[Data excerpts]
= = = =
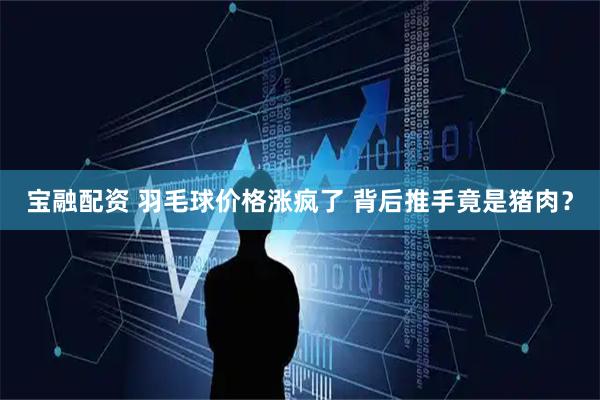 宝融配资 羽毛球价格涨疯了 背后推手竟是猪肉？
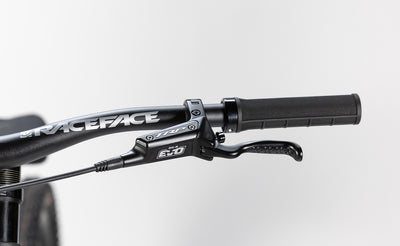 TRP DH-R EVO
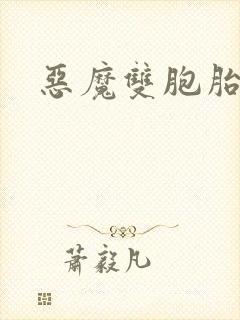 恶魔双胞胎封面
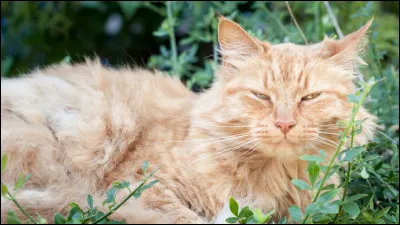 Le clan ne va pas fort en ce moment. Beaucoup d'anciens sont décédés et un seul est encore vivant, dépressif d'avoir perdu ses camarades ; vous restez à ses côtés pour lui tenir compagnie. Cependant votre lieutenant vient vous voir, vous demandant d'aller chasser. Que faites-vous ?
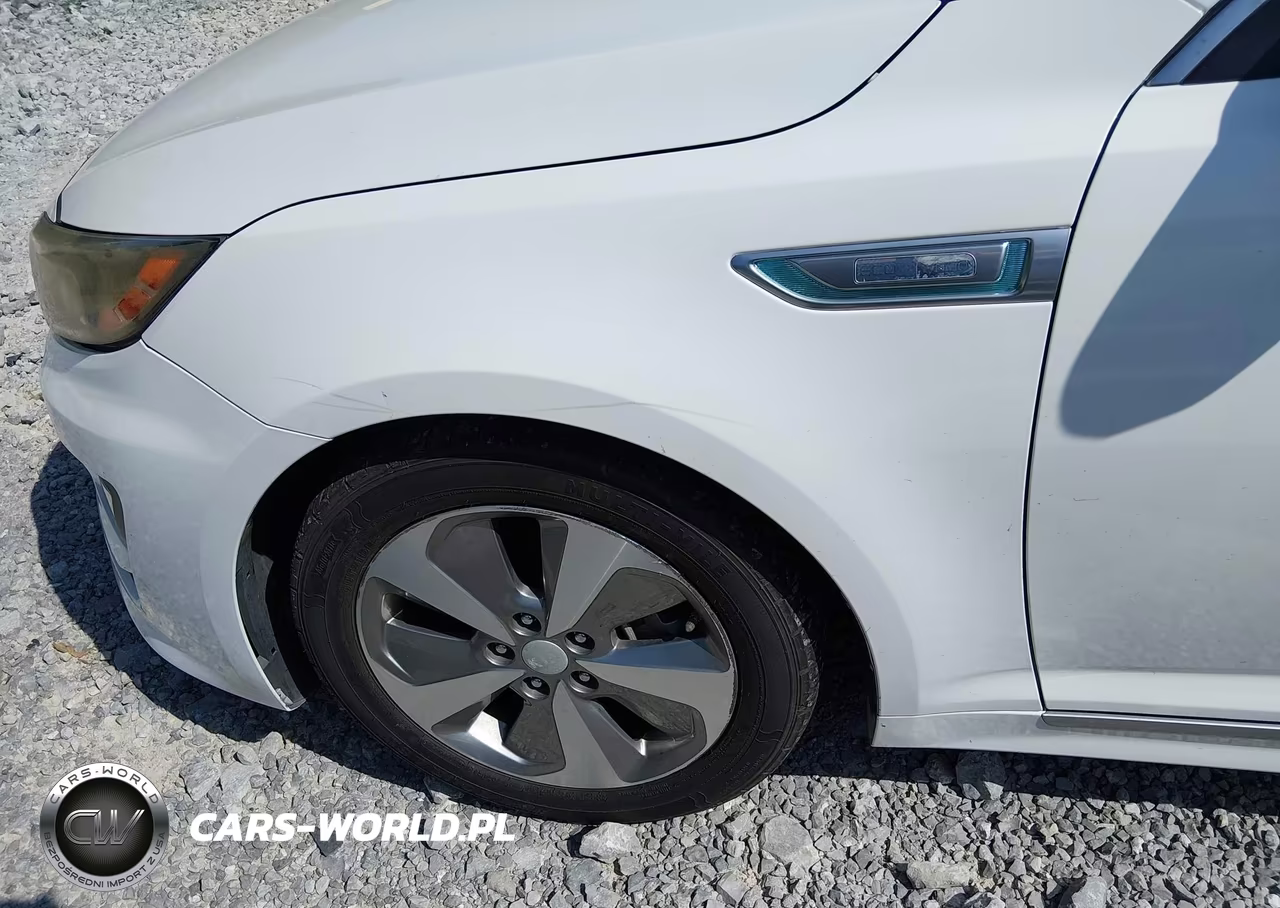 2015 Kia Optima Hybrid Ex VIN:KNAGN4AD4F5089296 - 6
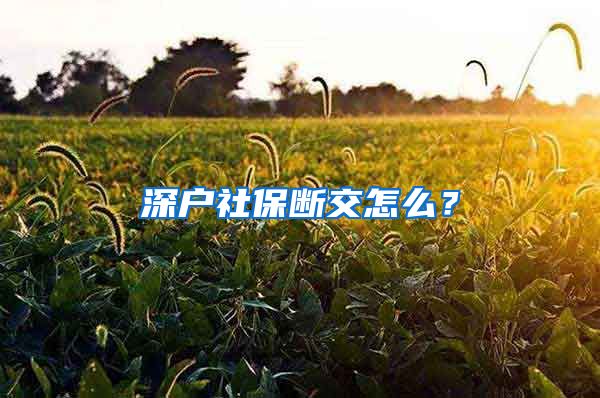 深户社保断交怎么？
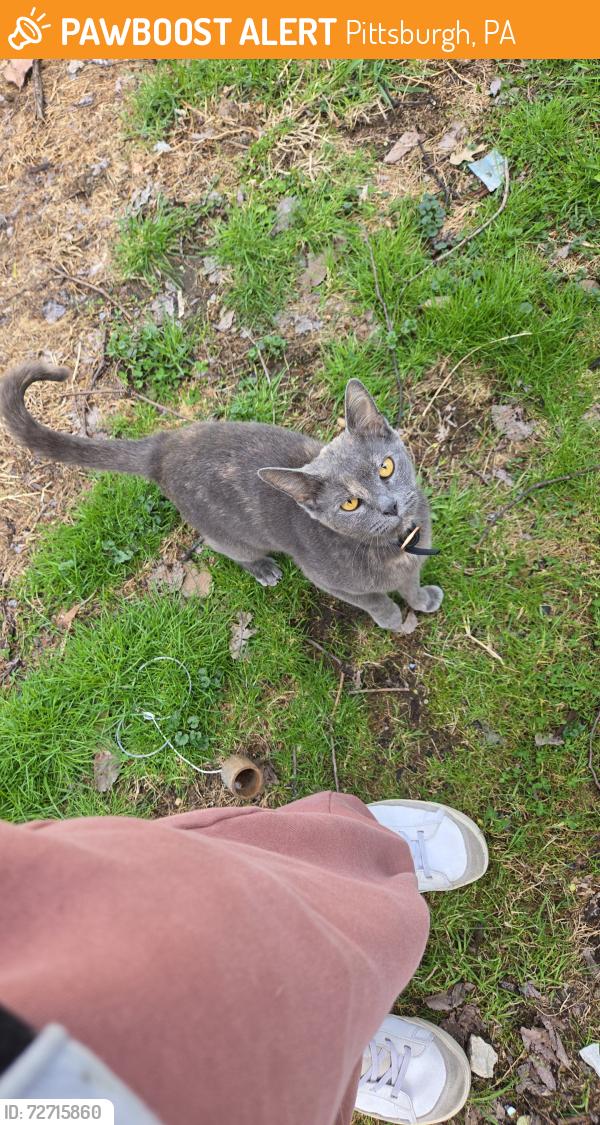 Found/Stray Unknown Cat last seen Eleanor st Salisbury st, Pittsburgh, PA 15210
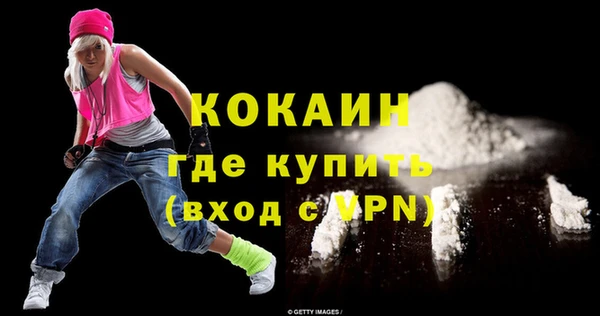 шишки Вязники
= = = =
» Task
Give back exactly the lines from the line with "TRP DH-R EVO" through the end of the records, both included; keep all pictures out.

» Solution below
 TRP DH-R EVO
 恶魔双胞胎封面
 Le clan ne va pas fort en ce moment. Beaucoup d'anciens sont décédés et un seul est encore vivant, dépressif d'avoir perdu ses camarades ; vous restez à ses côtés pour lui tenir compagnie. Cependant votre lieutenant vient vous voir, vous demandant d'aller chasser. Que faites-vous ?
 2015 Kia Optima Hybrid Ex VIN:KNAGN4AD4F5089296 - 6
 深户社保断交怎么？
 Found/Stray Unknown Cat last seen Eleanor st Salisbury st, Pittsburgh, PA 15210
 шишки Вязники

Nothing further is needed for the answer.